The King's City: A History of London during the Restoration: The City that Transformed a Nation
by Don Jordan
Pegasus Books, 2018

Historian Don Jordan follows up The King's Revenge and The King's Bed (both written with Michael Walsh, who bowed out of the co-writing of this third volume) with the final volume about the reign of King Charles II; The King's City tells the story of Charles' reign from his entrance into London in 1660 to his death in 1685 – an incredibly dramatic quarter-century featuring war, the Great Fire, and the Great Plague, plus palace intrigue, governmental upheavals, and social changes across a wide spectrum, and all of it was chronicled in a profusion that leaves most older eras in the shade. Restoration London not only reveled in a boisterous sense of order reaffirmed; it also indulged in a deep self-fascination – and it wrote everything down.
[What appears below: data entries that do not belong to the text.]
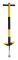 Barnens pogostick, vadderad, upp till 35 kg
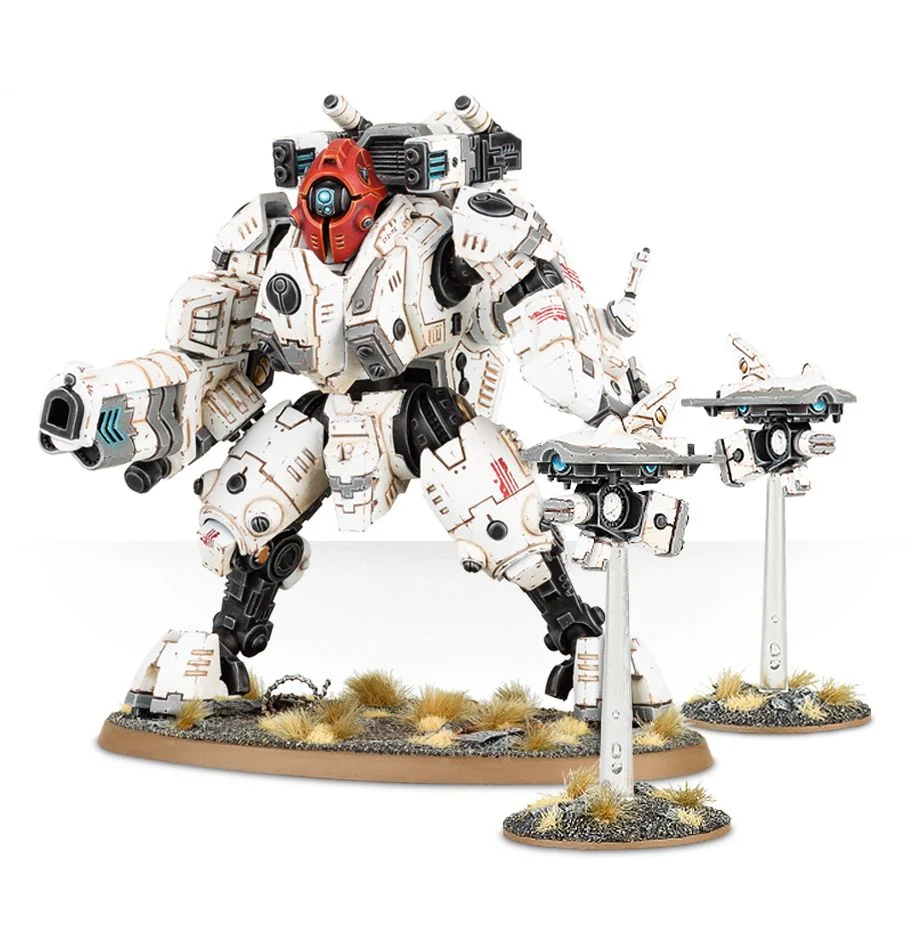 XV95 Ghostkeel Battlesuit (Neutral Verpackt) XV95 Ghostkeel Battlesuit (Neutral Verpackt)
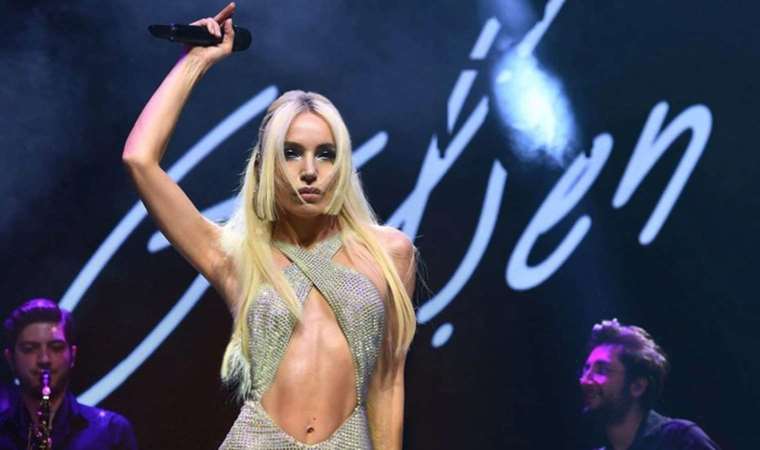 Şarkıcı Gülşen'e verilen hapis cezasının gerekçesi açıklandı: Kamu barışını tehlikeye sokacak nitelikte...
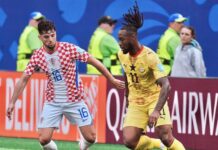 FIFA World Cup 2026 Group L, Croatia Edges Ghana 2-1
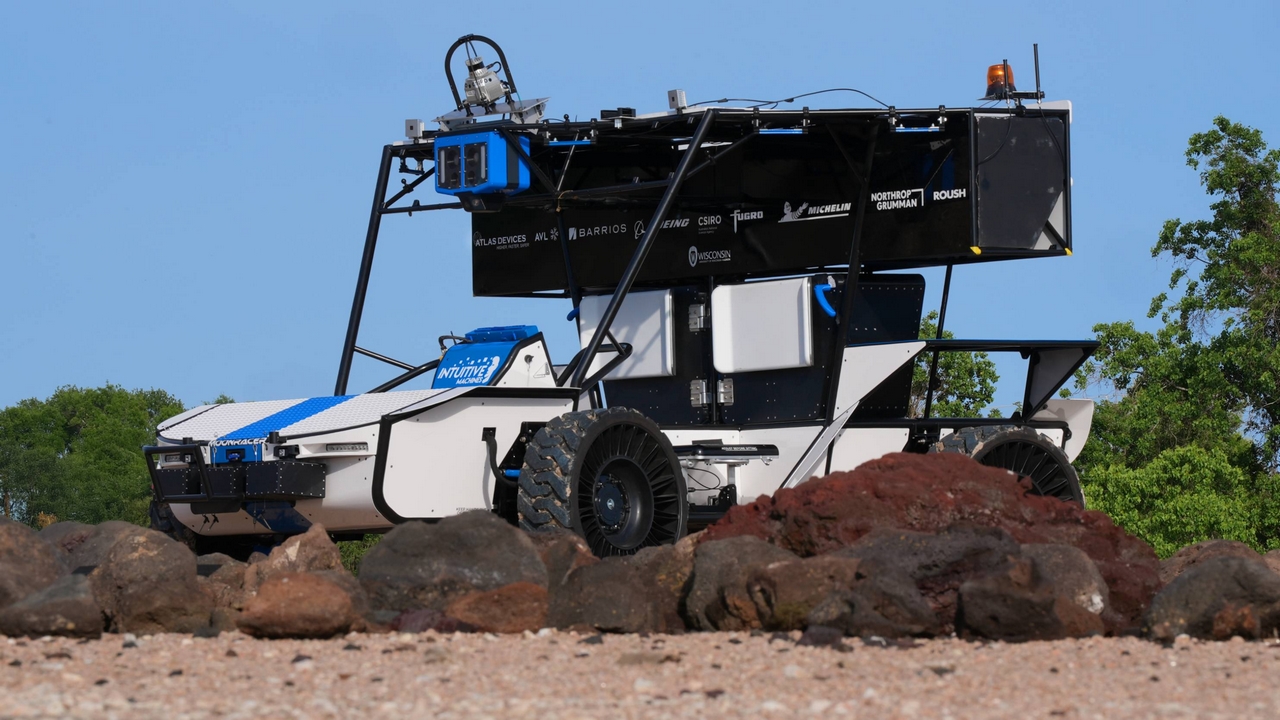 Intuitive Machines sta proseguendo lo sviluppo del  Lunar Terrain Vehicle per le missioni Artemis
It's a banquet for historians.

Before he proceeds to the high-technicolor peaks of the so-called Merry Monarch's reign, Jordan grounds his readers with some explicit reminders that this was still very much a barbaric cesspool of an age:

Londoners emptied their chamber pots into the open sewers that ran down the sides of the streets and sometimes through the middle. The contents routinely spilled out across the cobbles, covering them with a vile mixture of pig and horse manure mixed with rotting vegetables, animals entrails and human urine. Only rain could improve conditions, temporarily cleansing the air and washing away the hideous slush, sluicing it down to the choked rivers and culverts that ran under the streets into the Thames.

But the signature events and personalities of the Restoration are the main attractions in this or any other book about the period, and it's a familiar enough procession from which Jordan hardly deviates a step. There's the great plague that decimated London and, in the words of Samuel Pepys, made people “cruel as dogs to one another.” There's the Great Fire with all of its drama. There are dramatic actors strutting across the city stage: John Dryden, Nell Gwynn, the King and his fractious brother and his many mistresses, there are poets and playwrights and scientists and political theorists, all mixing in streets and theaters and taverns, and Jordan tells their stories in a marvelous blend of scholarship and accessibility, winding up the main crises of the period with the infamous Popish Plot of 1678, when a dimwitted conspiracy nut named Titus Oates managed through the sheer energy of his bald-faced lies about secret plots to assassinate the king and overthrow the country (lies that fooled virtually everybody in the government except their main intended target; Charles was by a wide margin the biggest liar in his kingdom and could and did spot an amateur instantly) to create an atmosphere of national paranoia.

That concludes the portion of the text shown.